# Information shown:
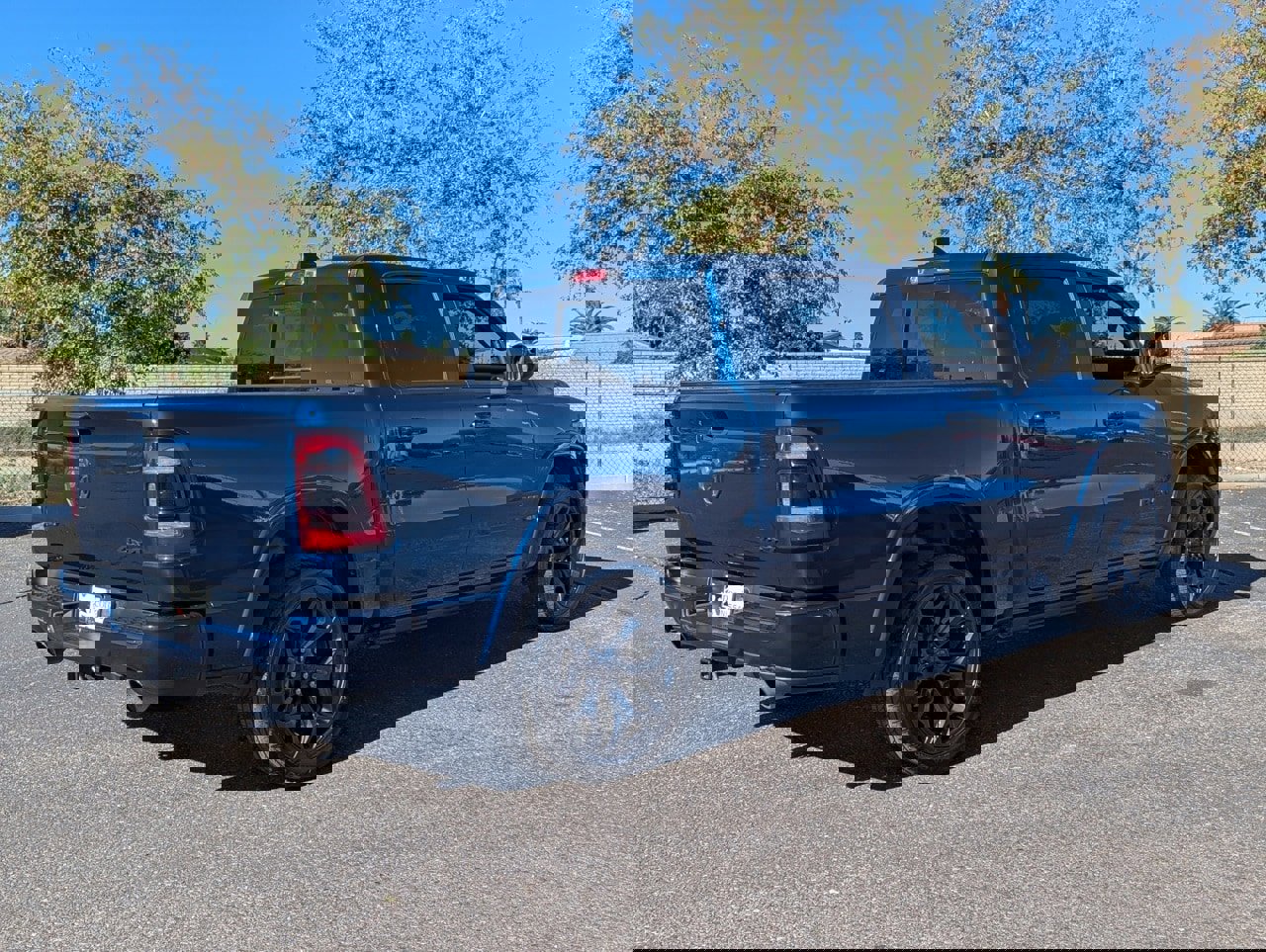 Used 2023 RAM 1500 Limited w/ Night Edition image 8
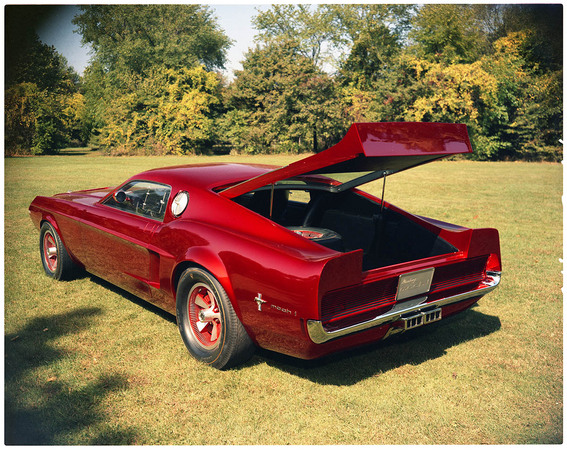 Ford Mustang Mach 1 Concept Ford Mustang Mach 1 Concept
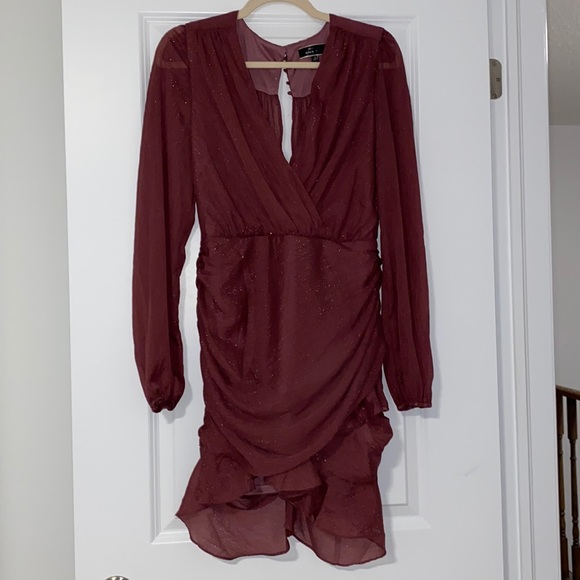 Purple Sparkly Dress - perfect for NYE! - Picture 2 of 5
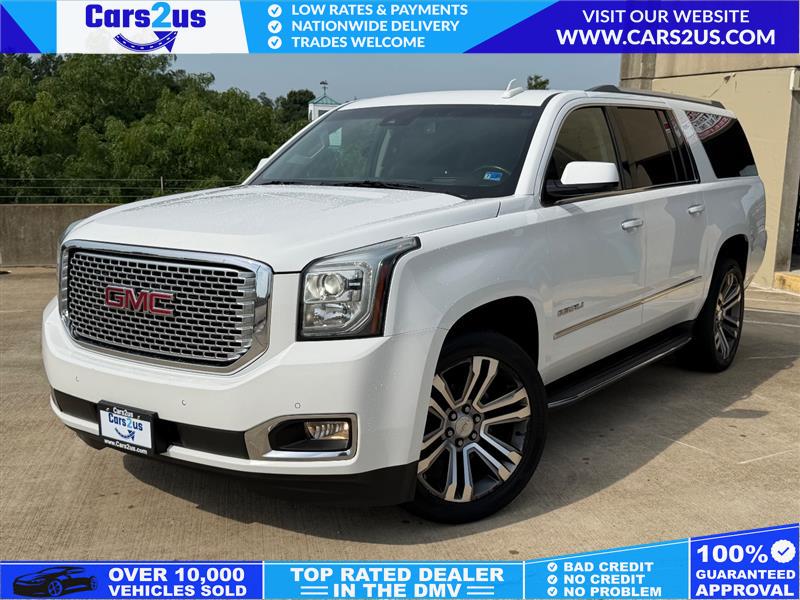 2017 GMC Yukon XL SUV / Crossover Four-Wheel Drive Automatic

# Aim of the exercise:
An exact reproduction of the data above is required, with every picture removed.

# Solution below:
 Used 2023 RAM 1500 Limited w/ Night Edition image 8
 Ford Mustang Mach 1 Concept Ford Mustang Mach 1 Concept
 Purple Sparkly Dress - perfect for NYE! - Picture 2 of 5
 2017 GMC Yukon XL SUV / Crossover Four-Wheel Drive Automatic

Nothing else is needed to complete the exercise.